**RECORD EXCERPTS:**
● ● ● ●
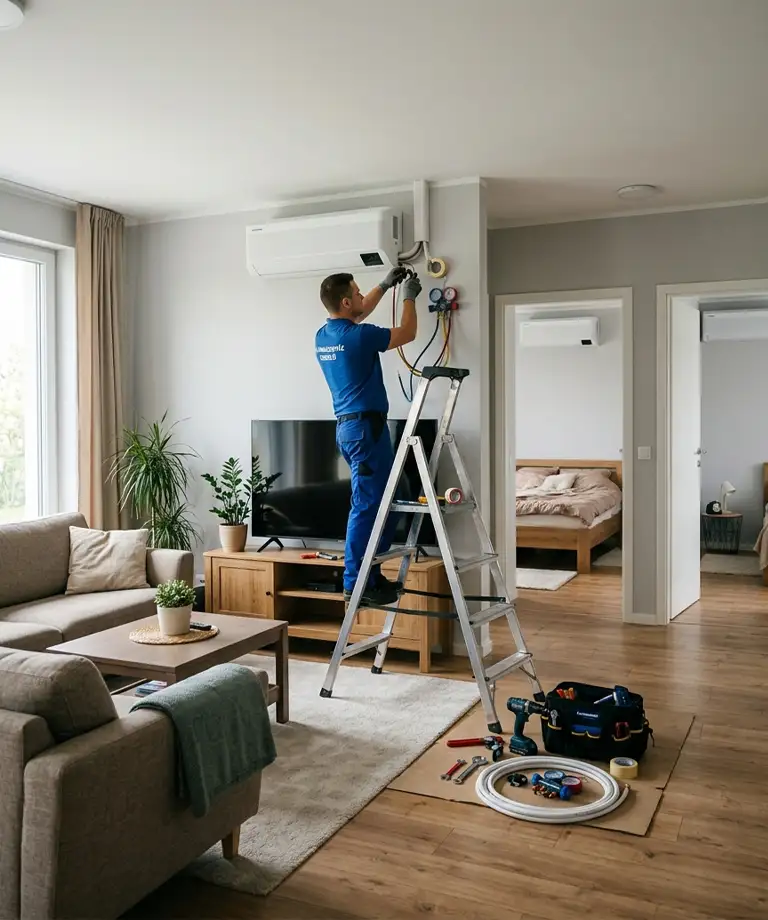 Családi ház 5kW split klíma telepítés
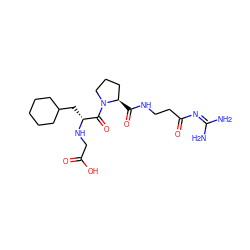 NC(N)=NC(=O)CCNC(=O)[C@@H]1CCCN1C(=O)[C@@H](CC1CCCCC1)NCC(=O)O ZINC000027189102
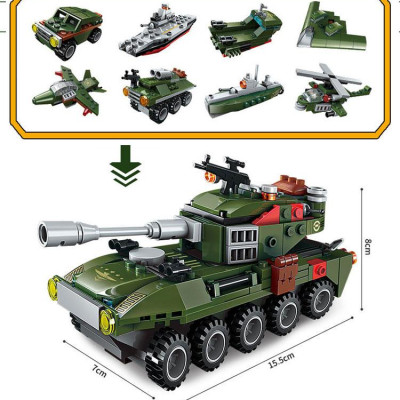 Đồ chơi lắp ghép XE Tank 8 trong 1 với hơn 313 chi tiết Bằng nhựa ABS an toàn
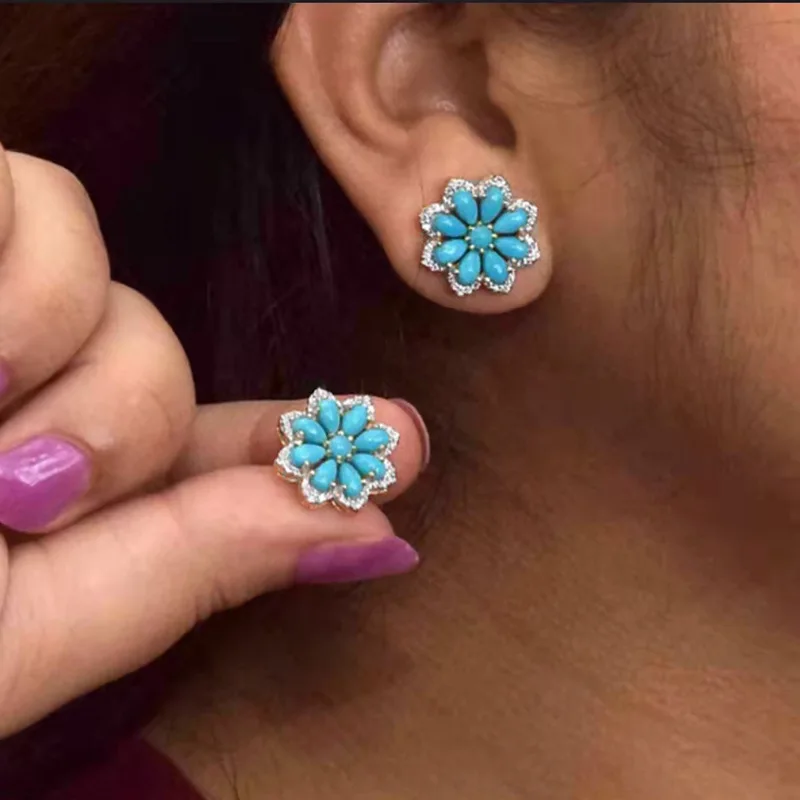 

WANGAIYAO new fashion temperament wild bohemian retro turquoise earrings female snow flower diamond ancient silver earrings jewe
● ● ● ●
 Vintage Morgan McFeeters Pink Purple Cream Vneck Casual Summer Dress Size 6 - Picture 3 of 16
● ● ● ●
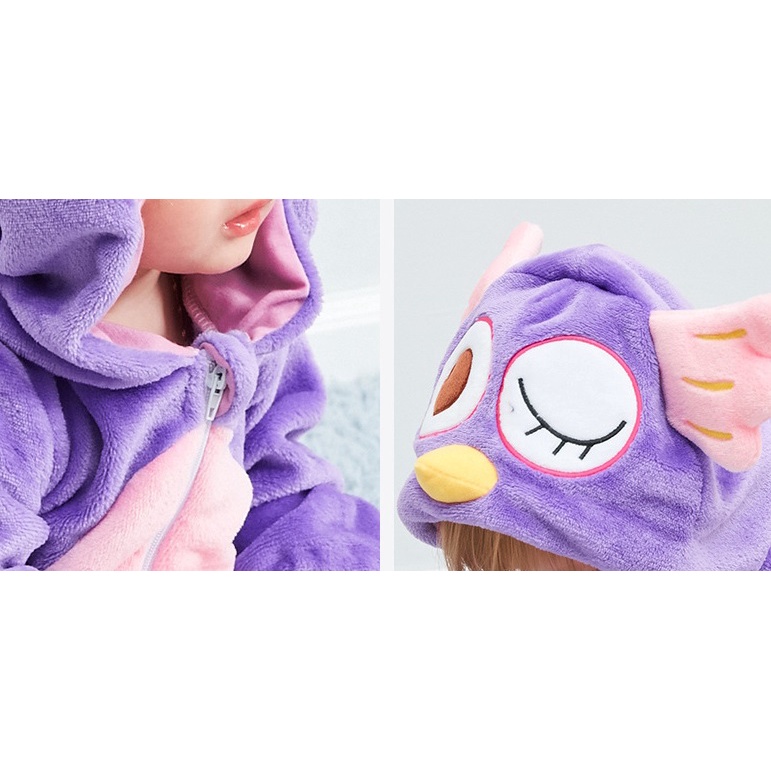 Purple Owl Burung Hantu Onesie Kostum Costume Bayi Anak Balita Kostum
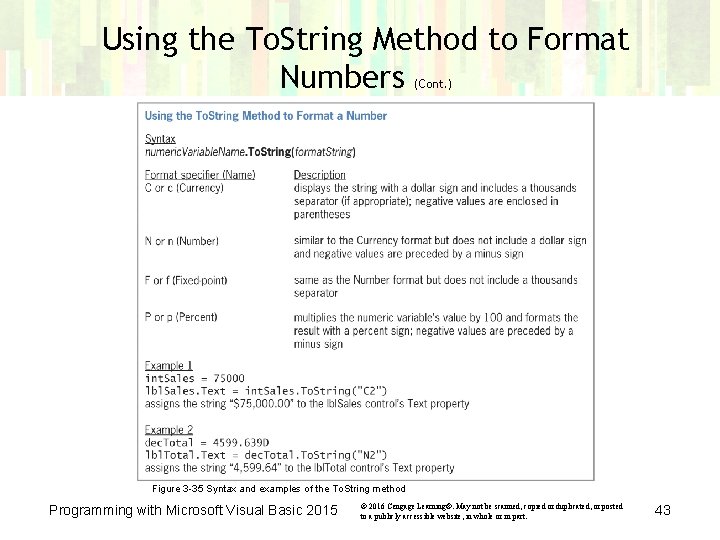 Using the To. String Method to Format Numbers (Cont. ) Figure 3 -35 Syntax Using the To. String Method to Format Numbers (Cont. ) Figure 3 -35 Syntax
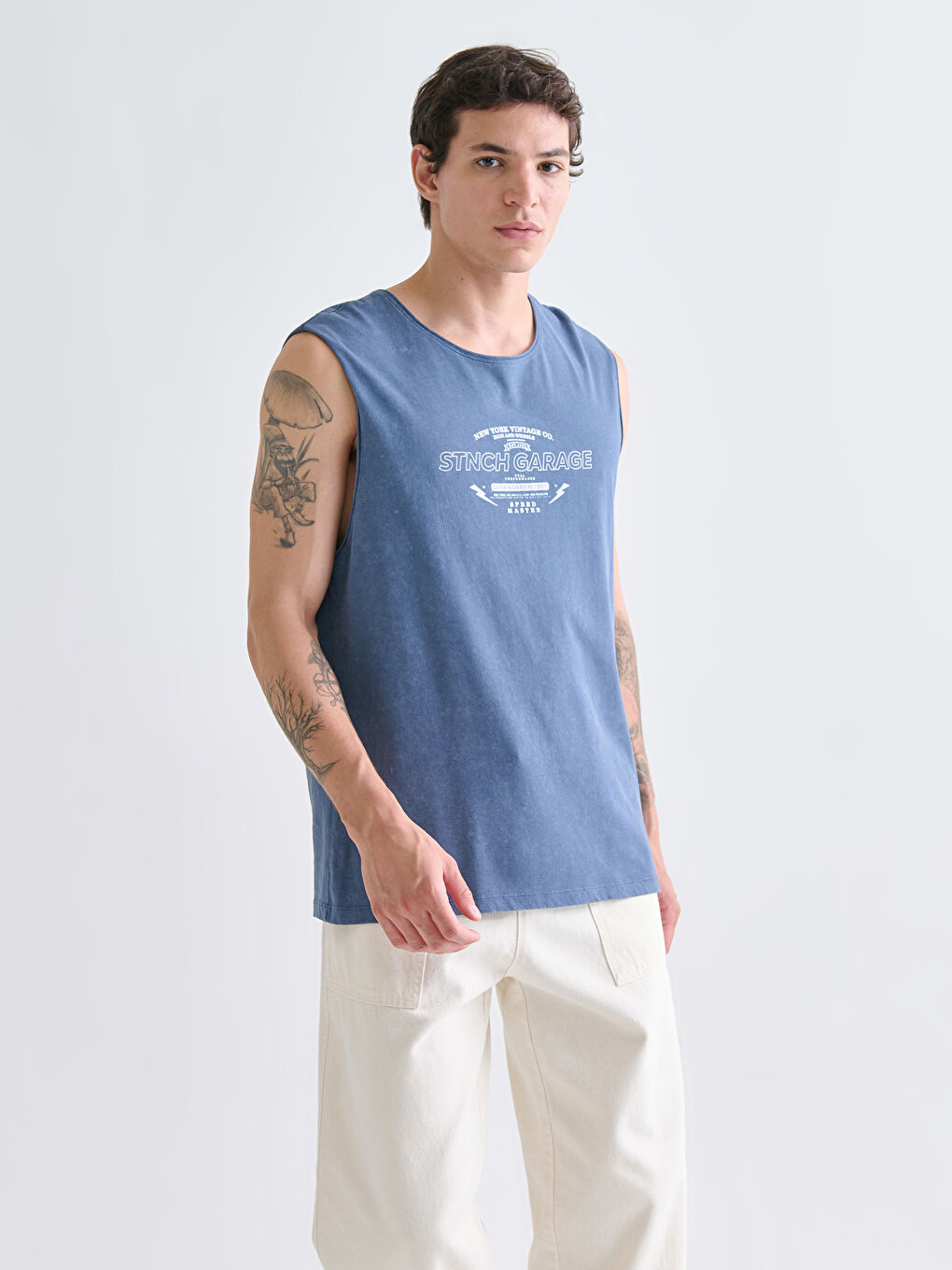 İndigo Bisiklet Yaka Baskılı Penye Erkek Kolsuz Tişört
● ● ● ●
**DESCRIPTION OF THE TASK:** In the listing above, find the line containing "Đồ chơi lắp" and the line containing "WANGAIYAO new fashion", then output those two lines and everything between them exactly as written, without the images.

**EXERCISE RESPONSE:**
 Đồ chơi lắp ghép XE Tank 8 trong 1 với hơn 313 chi tiết Bằng nhựa ABS an toàn

WANGAIYAO new fashion temperament wild bohemian retro turquoise earrings female snow flower diamond ancient silver earrings jewe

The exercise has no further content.